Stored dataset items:
━━━

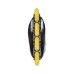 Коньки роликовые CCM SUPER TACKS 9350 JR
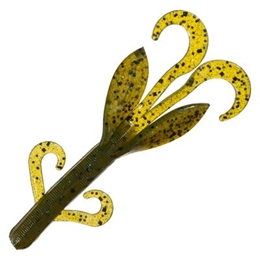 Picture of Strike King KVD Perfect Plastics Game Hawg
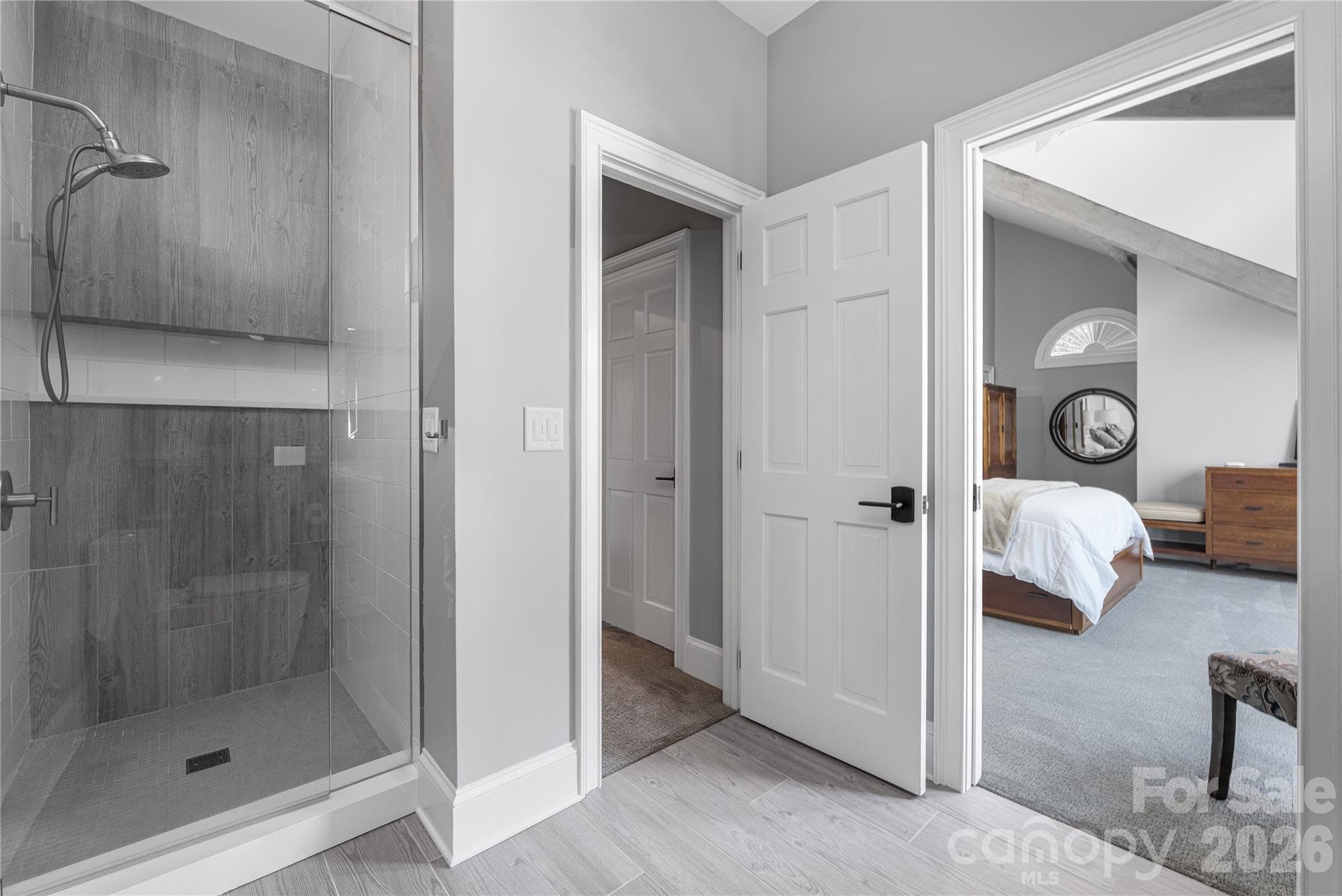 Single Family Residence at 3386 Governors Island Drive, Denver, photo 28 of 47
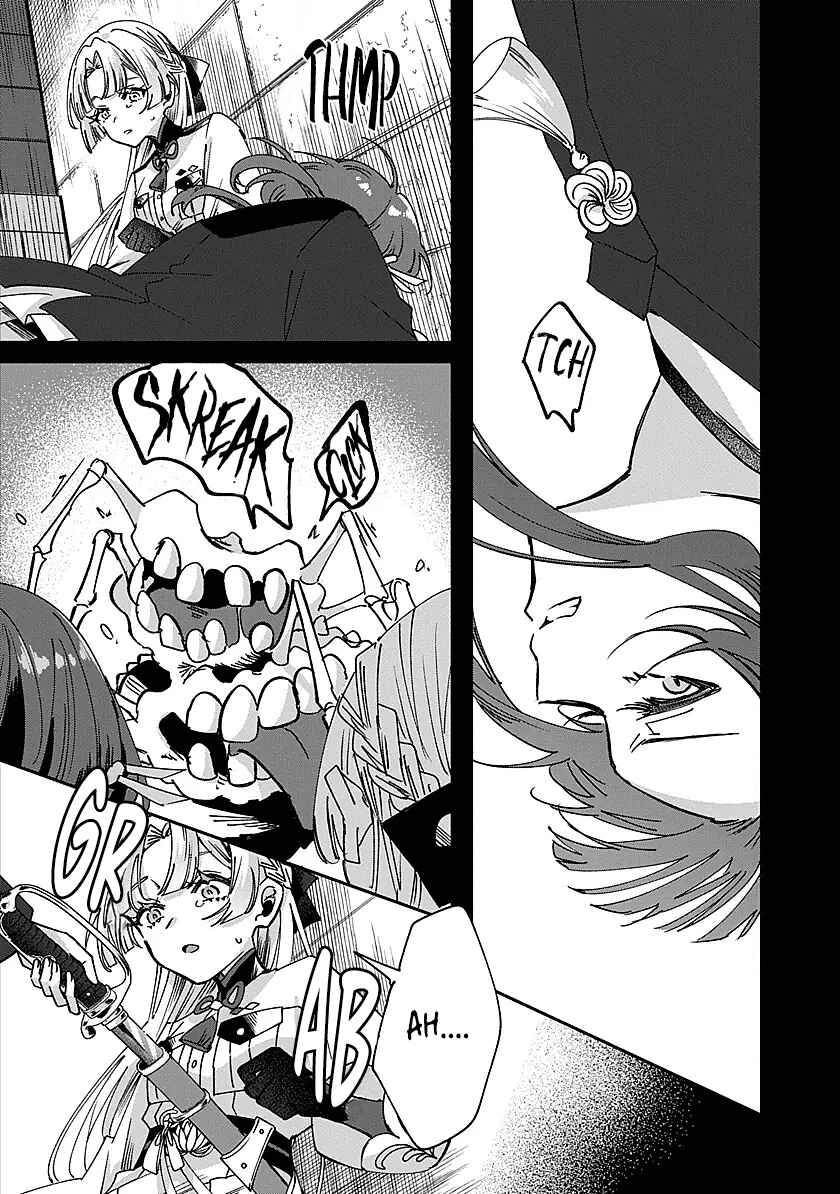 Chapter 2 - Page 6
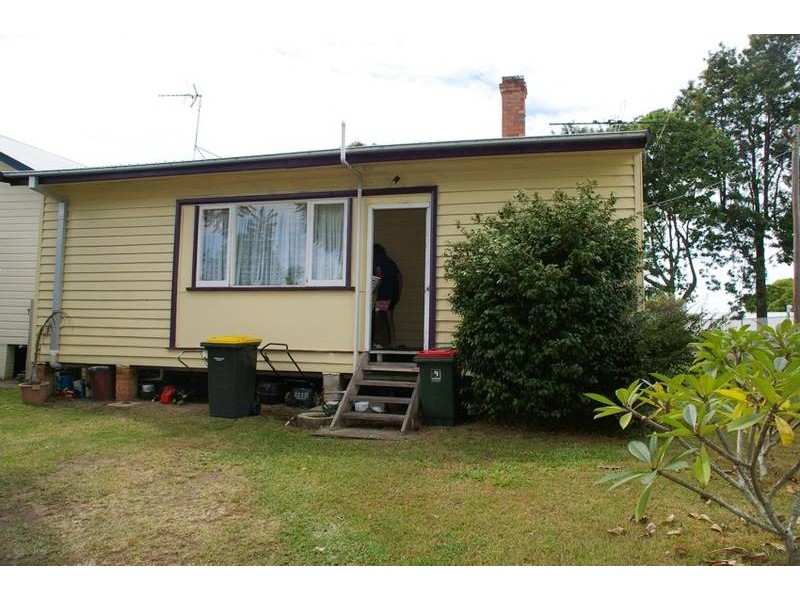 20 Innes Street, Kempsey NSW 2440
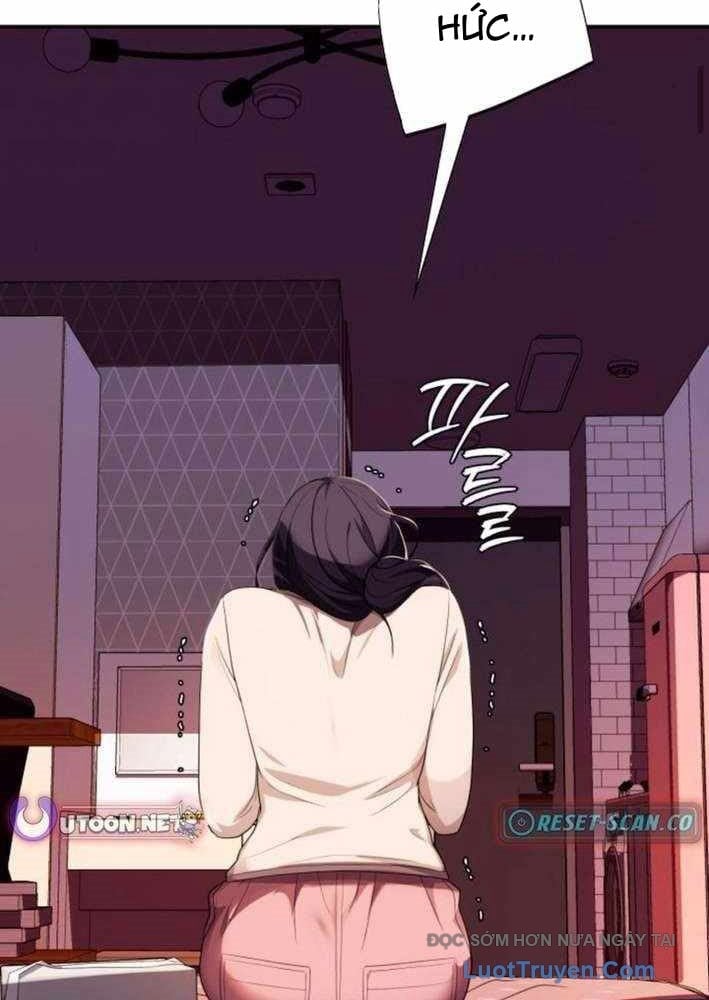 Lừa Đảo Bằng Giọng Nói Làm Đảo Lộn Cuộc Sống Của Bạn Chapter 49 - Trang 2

━━━

• [ABOUT THIS EXERCISE]
Restate each entry word for word; pictures stay out of the copy.

• [SOLUTION FOR THIS EXERCISE]
 Коньки роликовые CCM SUPER TACKS 9350 JR
 Picture of Strike King KVD Perfect Plastics Game Hawg
 Single Family Residence at 3386 Governors Island Drive, Denver, photo 28 of 47
 Chapter 2 - Page 6
 20 Innes Street, Kempsey NSW 2440
 Lừa Đảo Bằng Giọng Nói Làm Đảo Lộn Cuộc Sống Của Bạn Chapter 49 - Trang 2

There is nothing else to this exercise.